## Introduction

I recently wrote a couple of blog posts (part 1, part 2) about the potential cost of collecting Panini’s 2014 World Cup stickers. Subsequently these stickers have been back in the news after former Manchester City striker Mario Balotelli filled the Italy page of the Panini album with stickers of himself. Naturally a question arose in my head (and not just mine) about how much that would cost assuming Mario collected them all in the conventional manner (and without swapping).

## Simulation

It’s not entirely clear just how many stickers of himself Mario collected. The Guardian suggests 14 but there are 19 Italy players in the album. In-line with James Offer I’ll go with the latter. (The end results for the former can be found here.)

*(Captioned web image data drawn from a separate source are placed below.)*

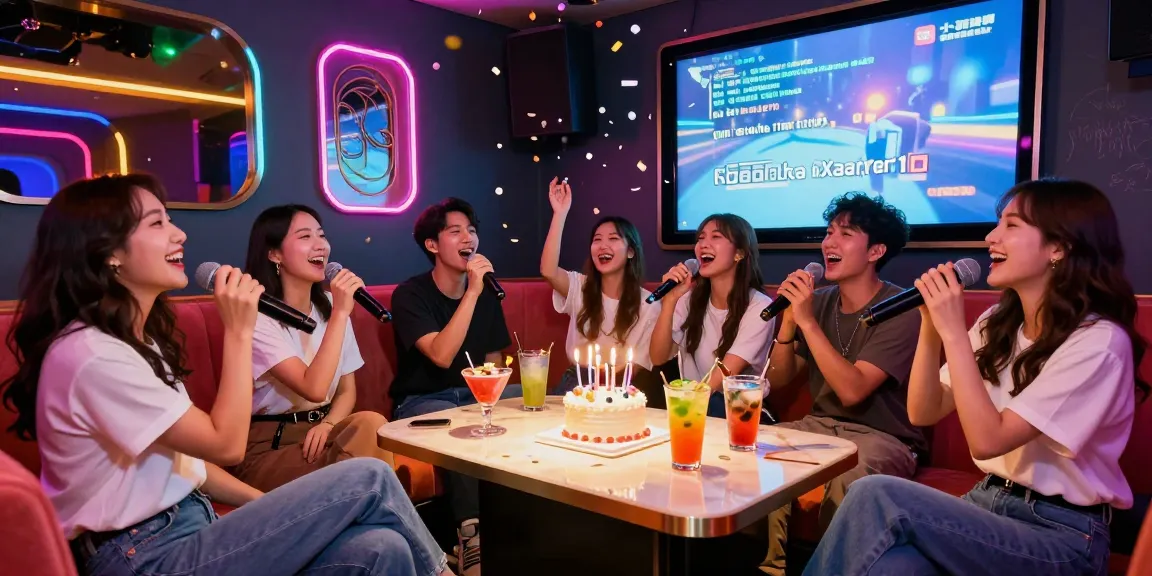 Friends celebrating at a 강남가라오케, enjoying karaoke with drinks and vibrant lights.
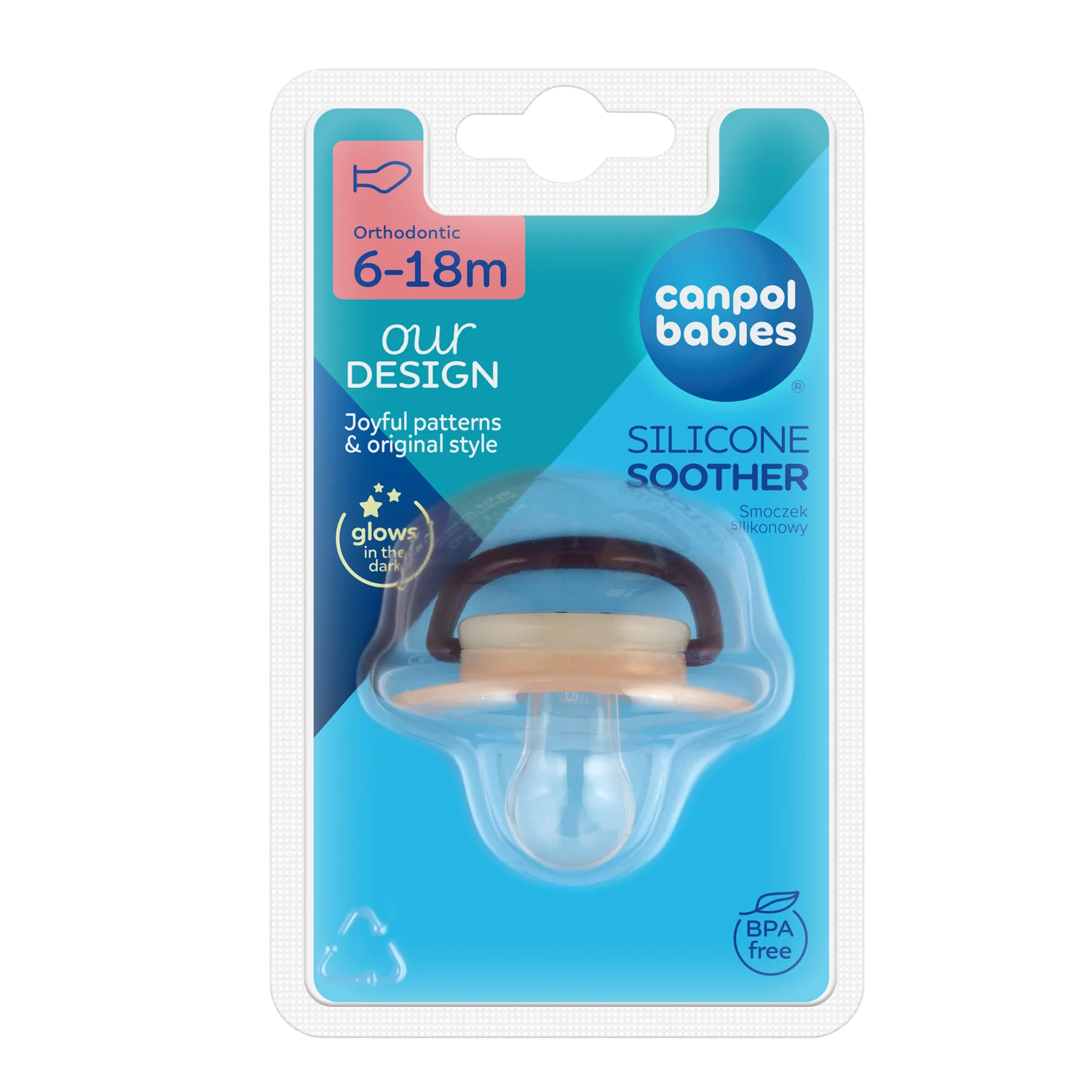 Canpol Babies Night Dreams silikonowy smoczek anatomiczny 6-18m różowy, 1 sztuka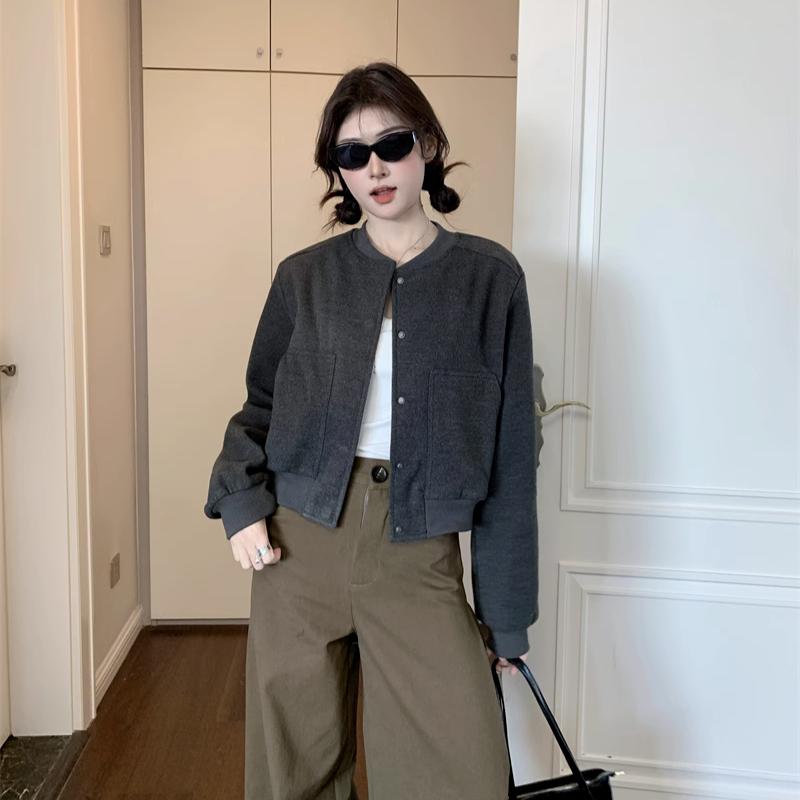 Women's Loose-Fit American Retro Short Baseball Jacket Casual Gray Outerwear for Autumn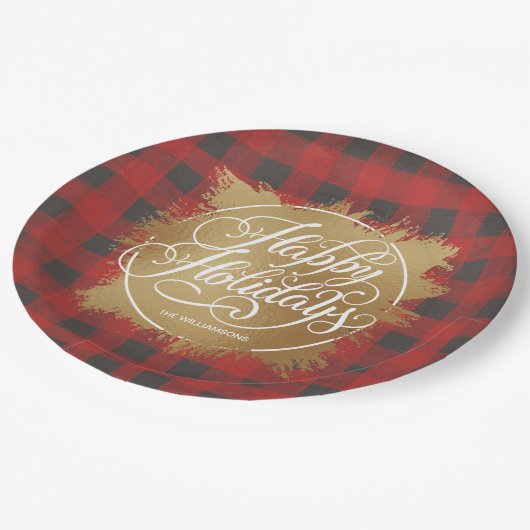 Gold Imitate Foil Happy Holidays Buffalo Kariert Pappteller (Schrägansicht)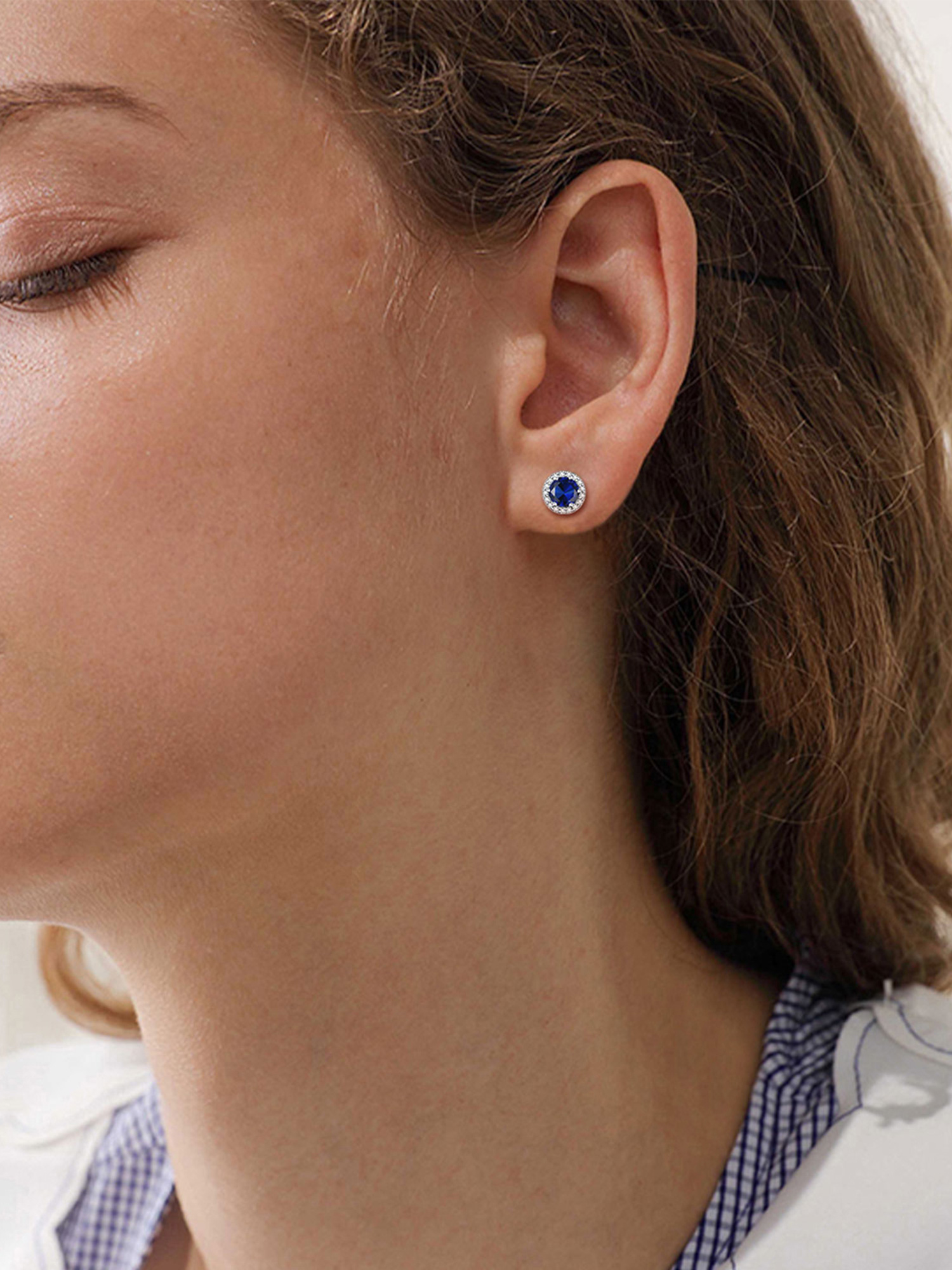 Round Birthstone with Cubic Zirconia Halo Stud Earrings for women, september birthstone, Sapphire Jewelry, Virgo Birthstone, Libra Birthstone, sterling silver jewelry, gift idea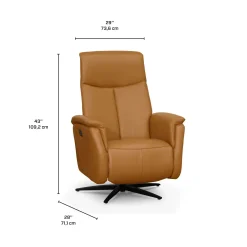 Fauteuil électrique inclinable et pivotant en cuir véritable - tan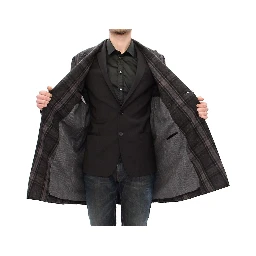 Gray Double Breasted Coat Jacket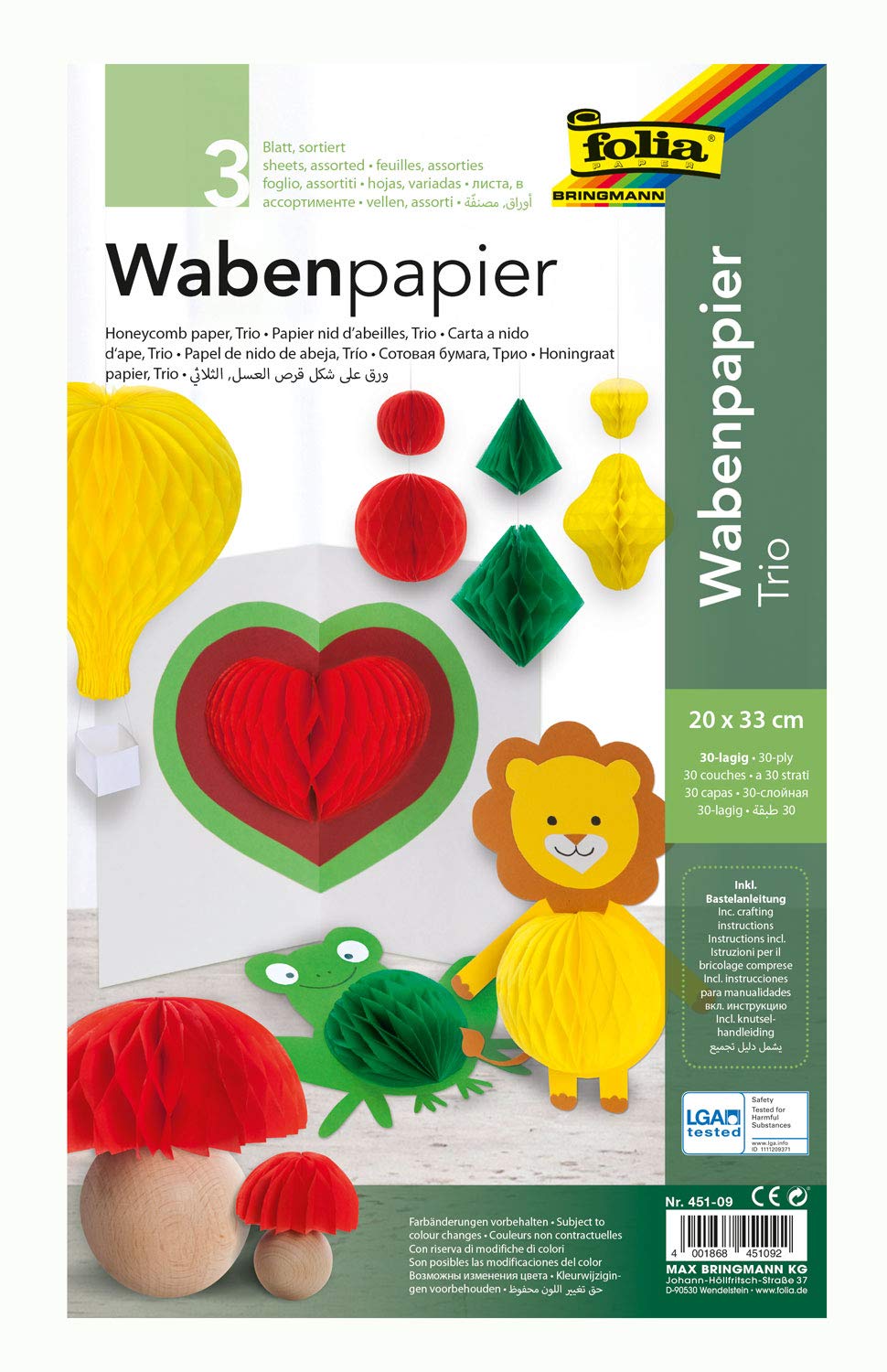 Folia 09 – Honeycomb Paper 30, 20 x 33 cm, 3 Sheets, Assorted Colours, Multi-Colour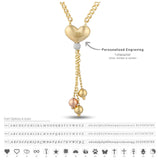 14k Gold | Heart Dangle Neckdrop Necklace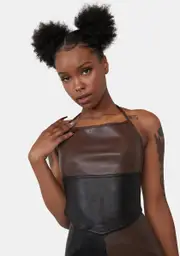 [Dolls Kill] Bitter Chocolate Manipa Crop Top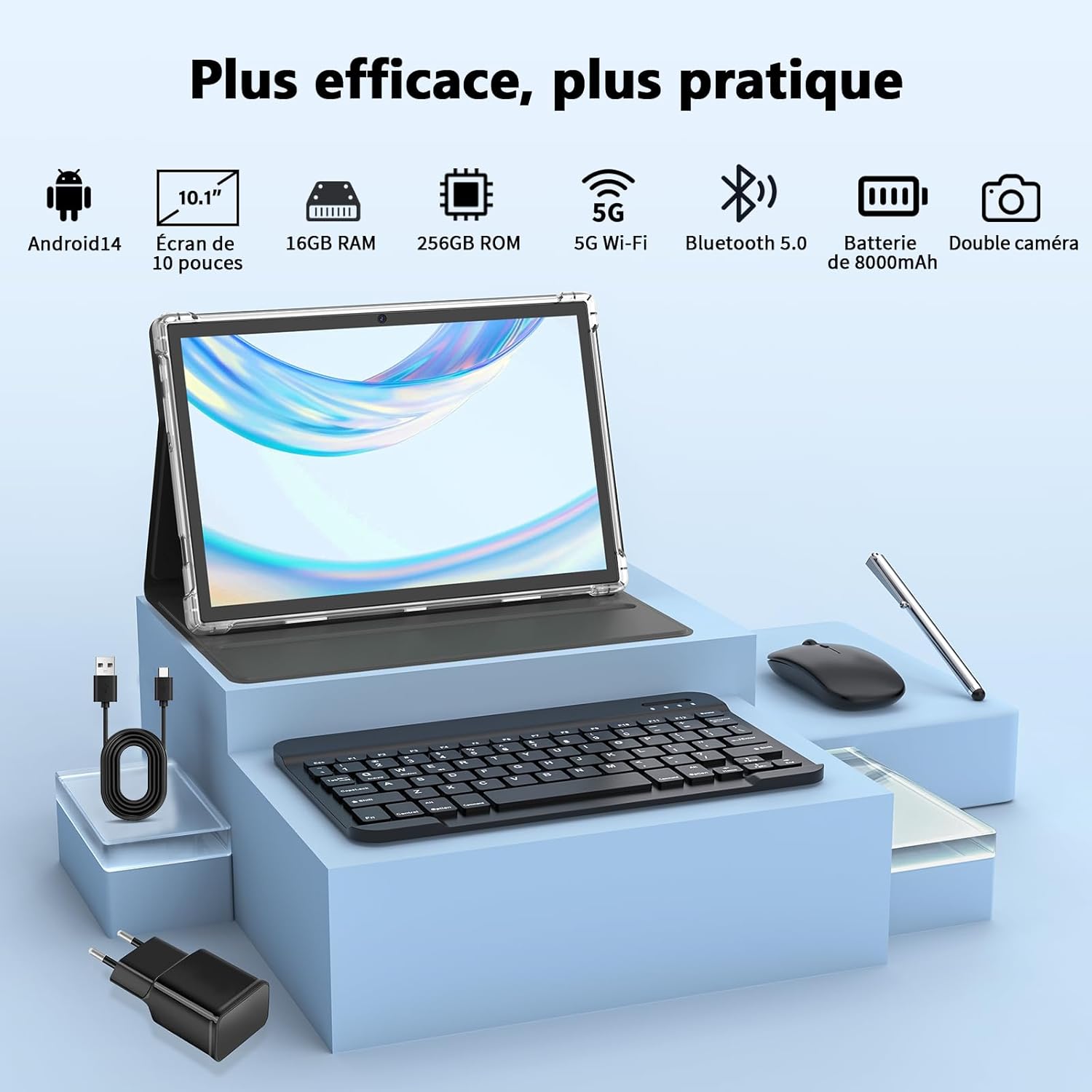 QDDQ Android 14 Tablet 10 Inch, 16 GB RAM + 256 GB ROM (1 TB TF) Tablet PC, 8000 mAh, 2.4G/5G WiFi 2 in 1 Tablet with Keyboard, Case, Mouse, Stylus, Octa-core, GPS, Pink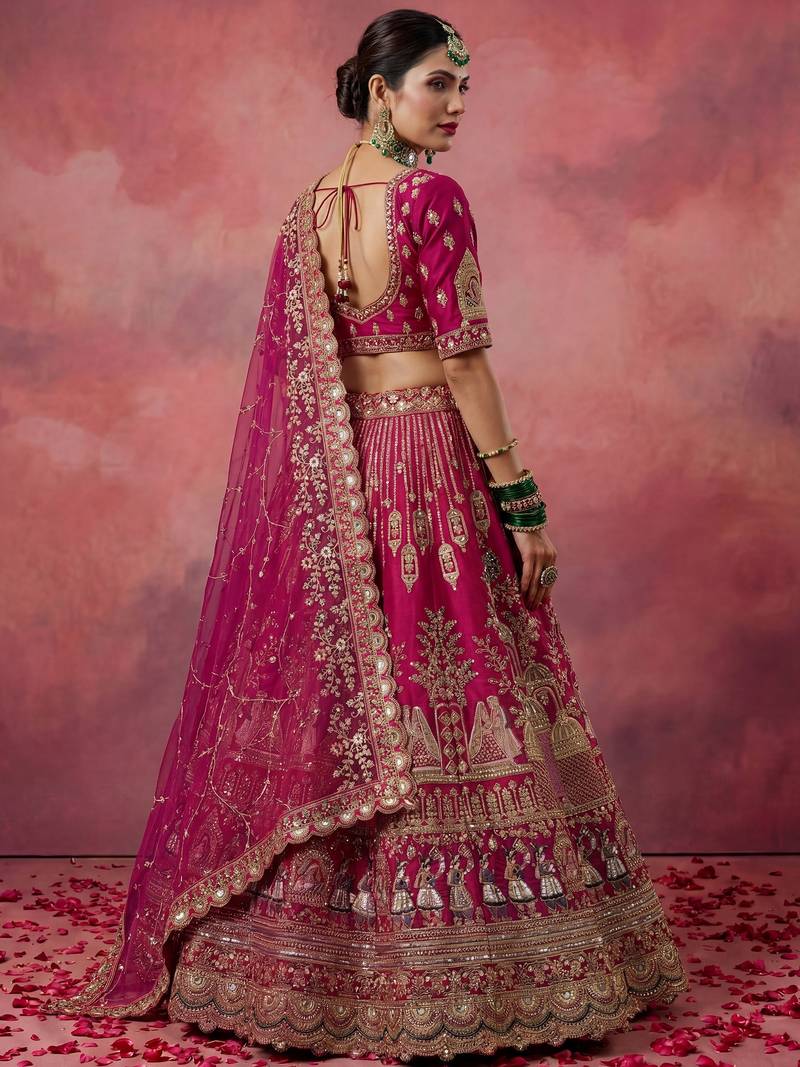 Graceful Pink Embroidered Silk Bridal Lehenga Choli With Double Dupatta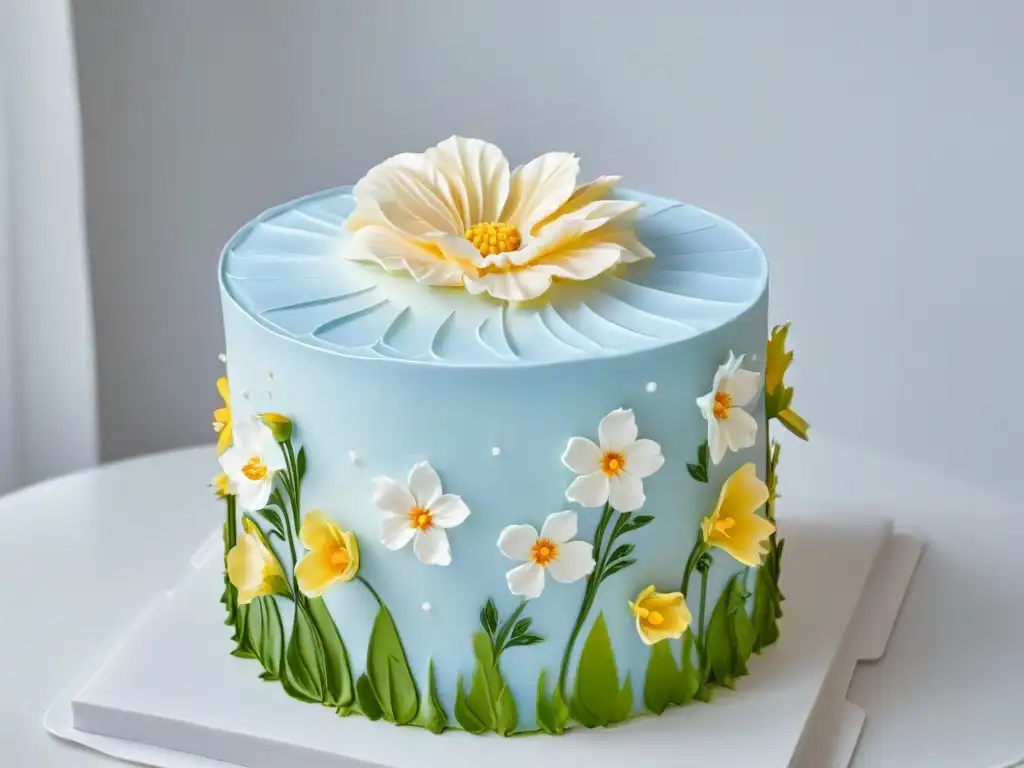 Un pastel multicolor con técnicas de relleno y cobertura, adornado con flores comestibles en tonos pastel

Just one small change was needed to the code from my original Panini stickers post to be able to simulate this most serious of problems. (For those interested, this basically amounted to changing the condition in the while loop to be TRUE so long as less than 19 of Mario’s sticker number had been collected.) This change took considerably less time than actually running the 10,000 trials of the simulation (the latter taking about quarter of an hour). As previously, a histogram neatly summarises these results:

From the simulations, the mean cost of collecting nineteen Mario Balotelli stickers is £1,218 (assuming the stickers were being bought in the UK). As always, the mean doesn’t tell the whole story. A handful of the 10,000 trials came in at under £500 while over 60 cost in excess of £2,000. More notably, the standard deviation of the data is £277.

## Calculation

After running the simulation I realised that this sticker collection problem is actually mathematically much simpler than the problem of collecting at least one of every sticker. If we ignore the fact that the stickers come in packs of 5 at 50p but instead pretend they come in packs of 1 at 10p then the probability distribution of the number of cards required to reach our goal should follow a negative binomial distribution. The total cost then follows the same distribution but with everything shifted down by a factor of ten (since you get ten cards to the pound).

According to the negative binomial distribution, finding the mean number of stickers needed to reach our goal is easy: it’s 19 times the mean number needed for one sticker. The mean number of stickers needed to collect one Mario Balotelli is, in turn, equal to the total number of different stickers, 640. That gives 12,160 stickers at a total cost of £1,216, in excellent agreement (as one would hope) with the £1,218 from the simulations.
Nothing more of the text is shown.